Two families meet in Montreal for Moroccan and Iraqi traditions, delicious food, and a whole lot of love.

When Nathalie and Freddy met on a blind date, they knew only that they came from quite different cultural backgrounds. The house young Nathalie grew up in may have physically been in Montreal, but she was raised by her parents as though she were born in their home-town of Tangiers. Nathalie loved it: “It was a magical and vibrant family atmosphere filled with fabulous traditions, food and spice!” Moroccan traditions were observed – most involving food and family – and Nathalie was educated at Maimonides.

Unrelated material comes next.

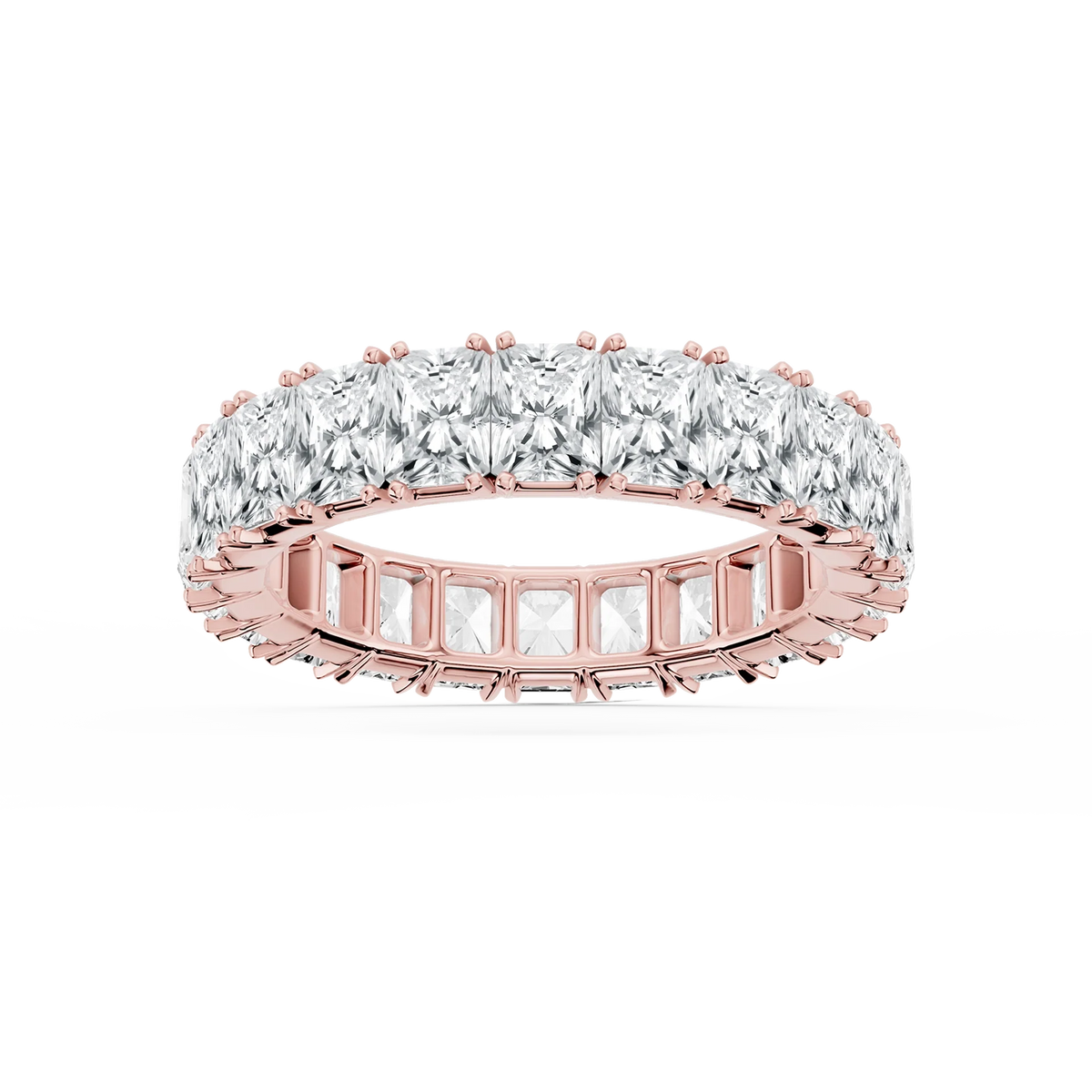 Lovea Mathilda Eternity Ring Radiantschliff – Roségold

Meanwhile, Freddy’s family were Iraqi, and had fled to Israel, where his parents met and married. Freddy had been born in a tented city for transients before his parents found their way to Canada, settling into the community, and joining the Spanish and Portuguese Synagogue.

When Freddy and Nathalie got to know each other, it became instantly clear that they had a lot in common: Both children of immigrants, they had both been raised with fierce family values and a deep rooted sense of Tikun Olam.  A year later and a half later they were walking down the aisle at the Chevra Kedisha Synagogue in front of 250 friends and family from the community.

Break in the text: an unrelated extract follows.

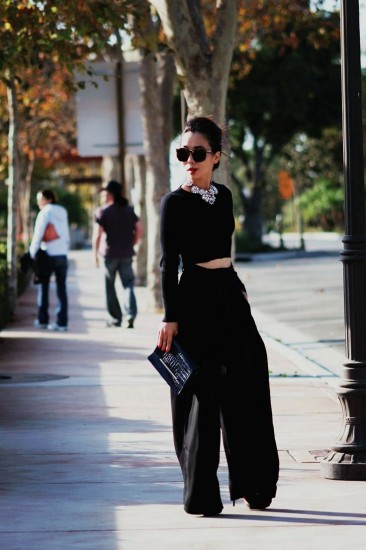 Mysterious-Black-Cropped-Top-and-Wide-Leg-Pants-Hallie-Daily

Their home became a hub for both their extended families, and Nathalie started hosting large Shabbat dinners with spreads of salade cuite, tabbouleh and baba gnouche.

In her twenties, Nathalie was dedicated to her career, and worked for over ten years in the financial industry. But when first child, Maya, was born in April 2010, followed by Myriam in February 2012, her priorities shifted. She wanted to spend more time with her family. The long corporate hours she used to love suddenly seemed like a burden which kept her away from what was most important in her life. The couple decided together that Nathalie would leave her job and be there for her children while they were young.

Nathalie and Freddy focus on giving back to the community and raising their children to do the same.

Nathalie and Freddy focus on giving back to the community and raising their children to do the same.

With time suddenly on her side, Nathalie thought this would be a perfect opportunity to finally give back to the Jewish community as well. “I have a lot of friends who are involved in the community, and I kept hearing about these amazing programs,” reflects Nathalie, “when I was finally in a place where I could give back myself, I already knew exactly what I wanted to do: Federation CJA’s Women’s Philanthropy Lunch for a Bunch program.”

Twice a week, a wonderful group of Women’s Philanthropy Tikun Olam volunteers gather to ensure that every child in our community has a nutritious, kosher lunch. On average, 142 lunches are delivered directly to 23 schools (both Jewish and public) in the greater Montreal area. “It’s just such a special program,” says Nathalie. “As a mother, the thought of any child going hungry really just eats me up inside.”

As a couple dedicated to raising their children in the spirit of Tikun Olam, Nathalie and Freddy are especially proud that their children can see them giving back firsthand – whether that’s through the synagogue, watching mom volunteer to pack lunches with Federation CJA, or through their children’s school, United Talmud Torah.

“For us, raising strong Jewish kids with good values is not just about teaching them: There’s nothing more powerful than showing your children what’s important. We wanted to give back to the community in which we are raising a family and encourage others to find ways to get involved too.”